例えば、折り鶴を100羽作成する時間を見積る場合を考えてみましょう。
過去に10羽を60分で作成したという実績があった場合、1羽につき必要とする時間は6分であると考えられます。
そうなると折り鶴にかかる時間は以下のような計算式で推計されます。
- 折り鶴の所要時間 = 6分 × 折り鶴の羽数
この計算式にあてはめると、折り紙を100羽折るためには600分、つまり10時間かかる計算となります。
このように、過去のデータを使って式を組み立て、所要期間やコストを見積るのがパラメトリック見積りです。
過去に対応したことがないプロジェクトでも、過去のデータから見積りができることがパラメトリック見積りの特長です。

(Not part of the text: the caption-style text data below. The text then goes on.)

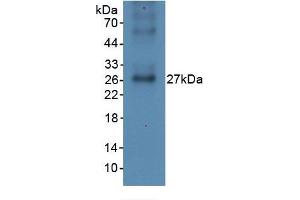WB of Protein Standard: different control antibodies against Highly purified E.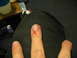 1997 Ford Crown Victoria - A close-up view of an injured finger with visible blood and damage to the nail bed.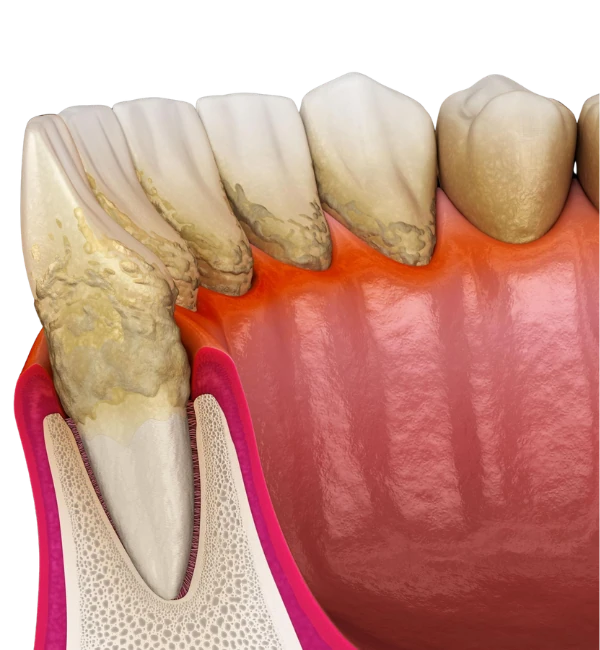 Dentist for Scaling and Root Planing in
                                    Bandra Eas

パラメトリック見積りについては、下記の記事もご参照ください。
三点見積り
三点見積りとは、プロジェクトの作業時間や、その作業の金額を楽観値、最可能値、悲観値の三点から見積る手法のことです。
三点見積りでは、以下の計算式で見積りを行います。
- (悲観値+4×最可能値+楽観値)÷6
例えば、とある作業の工数をチーム内で話し合っているとします。
メンバーの大多数は「10日で終わる」と考えていますが、その作業を不安視している人は「20日はかかる」と見積り、楽観的に考えている人は「6日で終わる」と見積ったとします。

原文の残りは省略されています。